Lawrence smiled at himself, checked his teeth, then tossed the glasses on the passenger seat and exited the vehicle. He made no attempt at being covert. For one thing, he was too big to be sneaking around, with his broad shoulders, deep chest, and thick arms. And second, that just wasn’t the way he operated. He wasn’t arrogant about it; on the contrary, he never boasted about his success rate. His foster dad had taught him that a humble man was a respected man. And an arrogant man would eventually wind up a prematurely dead man. Lawrence considered that the fear of death caused some in his profession to sneak and slink around, hiding in shadows and using the element of surprise. But to him, death was
a nonnegotiable part of life, something everyone had to deal with regardless of location or situation or occupation, so he dealt with it. He dealt with the fear head-on, not out of arrogance but out of practicality.

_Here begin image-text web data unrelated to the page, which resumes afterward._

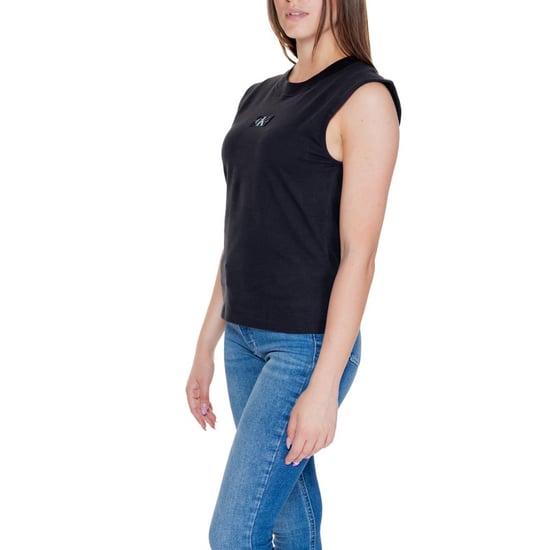 Top sin mangas con cuello redondo - Image 3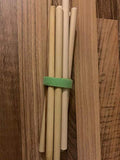 SYGA Nylon Double Sided Wellkro Tape, Hook and Lock Tape, Sew-on Power Wire Management Fastening Tape Cable Tie for Interlocking, Apparel, Home Textile, Industrial Use and More- 2 m x 15 mm (Green)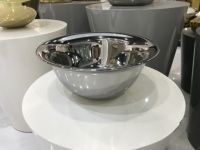 Lavabo rond en céramique de luxe doré pour hôtel, à poser sur comptoir, avec drain, design moderne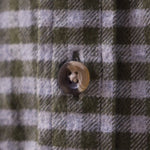 Downtown Flannel Shirt faux button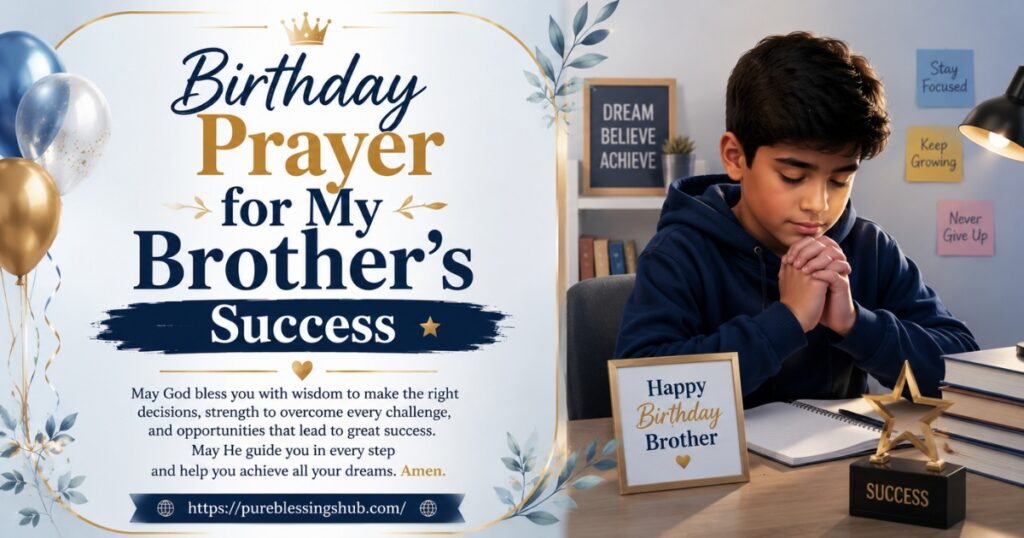 Birthday Prayer for My Brother’s Success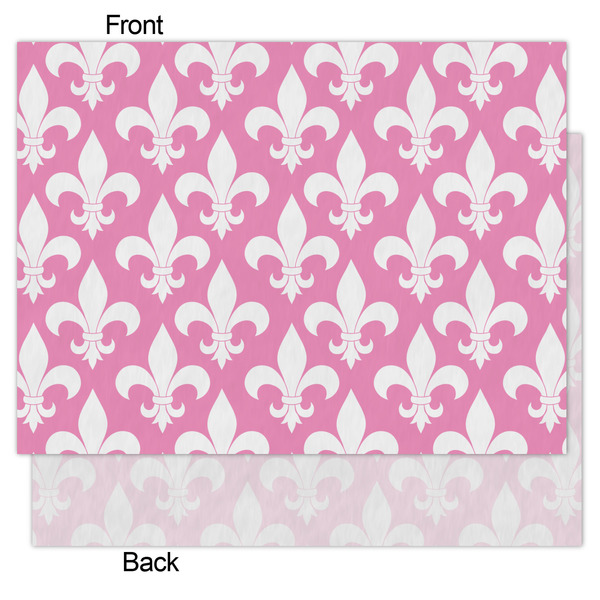 Fleur De Lis Tissue Paper - Lightweight - Medium - Front & Back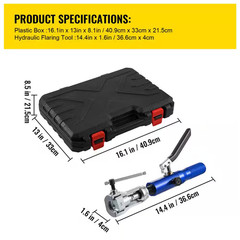 Hydraulic Flaring Tool Kit, 32 PCS 45° Double/Brake Repair Brake Flaring Tools,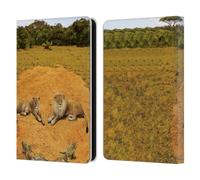 Head Case Designs Officially Licensed Vincent Hie A Lion Happiness Key Art Leather Wallet Case Compatible With Amazon Kindle 11th Gen (2024)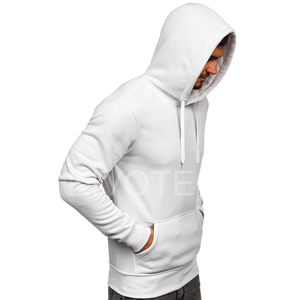 Sweats à capuche décontractés de sports de plein air de couleur unie d'automne et d'hiver pour hommes - Product Image 4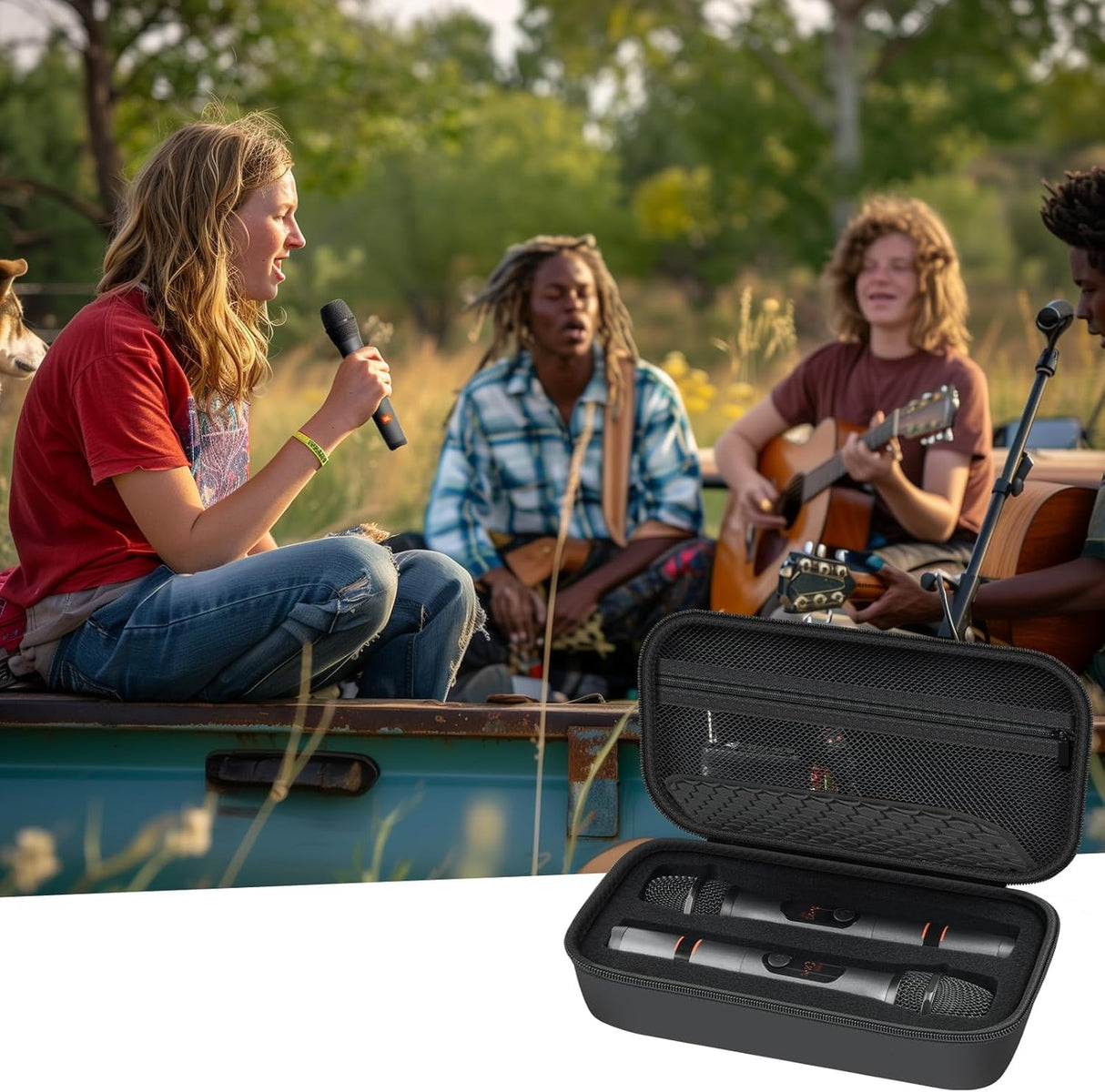 Comecase Funda de micrófono inalámbrico compatible con JBL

At the front door he didn’t bother to knock. He looked side to side and across the street, checking to make sure no neighbors were nosing around outside. The last thing he needed was for some little old lady out for a walk with her dog to witness him forcibly entering the home. She’d call the cops for sure, and those local schmucks were idiots. Fortunately the large maple and other assorted shrubs on the property provided seclusion and privacy the woman must have enjoyed. No wonder she had the front porch so comfortably furnished. It was a place where she no doubt spent much of her time.
Drawing his silencer-equipped Smith & Wesson from his shoulder holster, Lawrence took one step forward, lifted his right foot, and planted it solidly just to the left of the door handle. The door shot open, splintering the wood along the jamb, and Lawrence rushed in.